The following anecdote, which appears in Lister’s Further Reminiscences: Occult and Social (1927), is one example of the kinds of ostensibly extraordinary things Lister sometimes encountered during séances. According to Lister, the presiding medium was a high-level member of the Italian government:
Eight people were present; the room was a small hall where lectures were given weekly during the winter season. There was only one door; the walls were whitewashed. An ordinary kitchen cupboard of painted wood, in two parts —the upper part having glass, behind which could be seen the shelves, stood against the wall. The furniture was otherwise composed of a deal table and some ten or twelve straw-bottomed chairs.

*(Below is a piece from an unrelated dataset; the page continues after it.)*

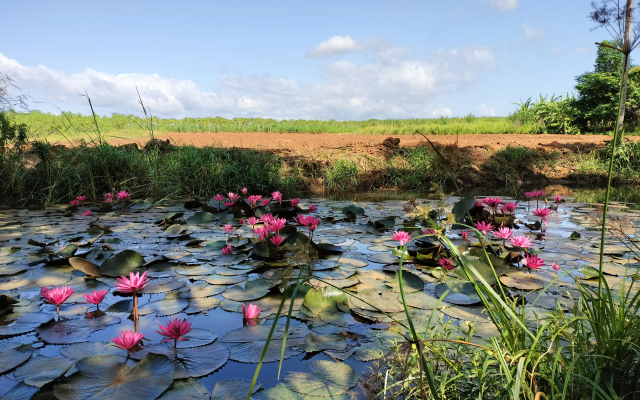 Harmony Haven in Udawalawe Glamping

Our only preparations consisted in drawing up our chairs to the table round which we sat. In the middle of the table hung a gas-light of the simplest fashion, and without a shade. The principal phenomenon of the evening was the fact that the chair of the medium ascended to the ceiling, and the six people present rose to the same height, myself included. We remained suspended in the air long enough for each of us to sign our names in pencil on the ceiling. After this we descended gently, and we found ourselves each seated in his chair, in the same position as before our flight.
These sittings had to be ultimately given up because of intervention of the Commendatore’s wife. Madame Z — discovered that every time her husband exercised his really wonderful powers their night’s peace was disturbed by unasked-for pilgrimages of their bedroom furniture, and of one armchair in particular, which used to walk round the bed for hours, preventing any sleep.